Abstract

This chapter presents new perspectives for understanding “spirituality” that emerge from its relation with religious styles and schemata in the data of the Bielefeld-based Cross-cultural Study on “Spirituality.” ANOVA results with our focus groups indicate that respondents who self-identify as “more spiritual than religious” in both the USA and Germany have lower scores on truth of texts and teachings (ttt), a subscale of the Religious Schema Scale (RSS); still lower on ttt, however, are the respondents who self-identify as “neither religious nor spiritual” or as “atheists ” or “non-theists.” Results further indicate that self-identification as “spiritual” (“more spiritual atheist /non-theists” excluded) is associated with a preference for xenosophia/ inter-religious dialog (xenos). Religious schema groups, which were constructed according to exclusively high agreement with either ttt, ftr, or xenos, profile the relation of the religious schema ta to “spirituality” and “religion” further and confirm the relation of “spirituality” with dialogical, xenosophic attitudes.

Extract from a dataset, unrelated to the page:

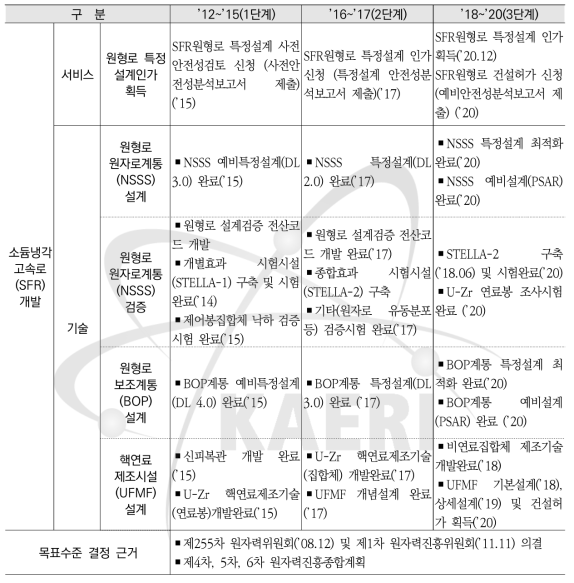 소듐냉각고속로 단기 목표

Finally, regression and mediation analyses using structural equation modelling show that ttt predicts the self-attribution “religious” stronger than the self-attribution “spiritual,” while xenos for most respondents predicts the self-attribution “spiritual,” rather than the self-attribution “religious.” The religious schema ta have strong effects in predicting and mediating the predictions on self-rated “religion” and, more important for our project, on self-rated “spirituality.”